I also wonder whether Martha Stewart will do the same thing Microsoft has done since their infamous prosecution: Started paying campaign contributions (see chart at bottom).
If you look at the facts, Martha merely followed the herd. Period. I work in the securities industry, and many of my co-workers agree that if anyone did anything dodgy, it was her broker, who told her about the trading activity of other clients.
My friends and I see this as a fishing expedition by the SEC to further expand the boundaries of securities fraud. It is completely insane that she's being accused of securities fraud for protesting her innocence in a criminal matter. The definition of Catch-22. Especially when it doesn't seem to have worked anyway; her company's market cap is about half of what it was before the "scandal".
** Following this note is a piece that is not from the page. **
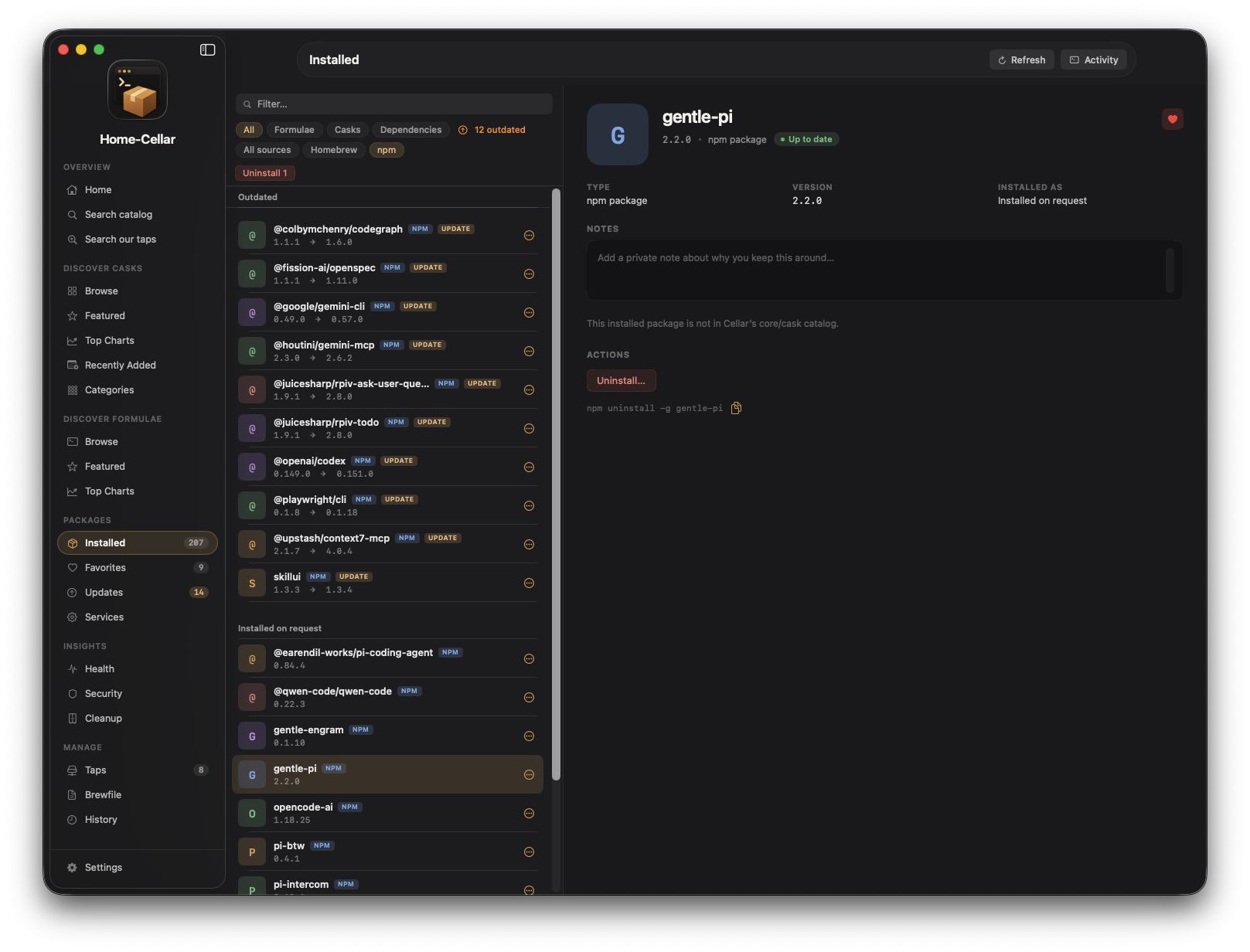 Home-Cellar installed packages view filtered to global NPM packages, showing available updates and package details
Insider trading is based on violations of fiduciary duty. Martha was not an Imclone fiduciary, and was not an insider. She cannot be guilty of insider trading.
Martha did not obtain her information from someone who was fiduciary to the Imclone shareholders. She got it from her broker, who in turn was reporting that certain insiders had traded. The fact that insiders trade is not, in itself, inside or even non-public information.
Thus, the SEC did not bring an insider trading lawsuit against Martha because it had no case at all, except under the discredited "asymmetric information" theory. Once you go outside the insider/fiduciary trading theory, there is really no stopping place on who has an unfair advantage in a transaction, until you get to the point where both sides have exactly the same information and analysis.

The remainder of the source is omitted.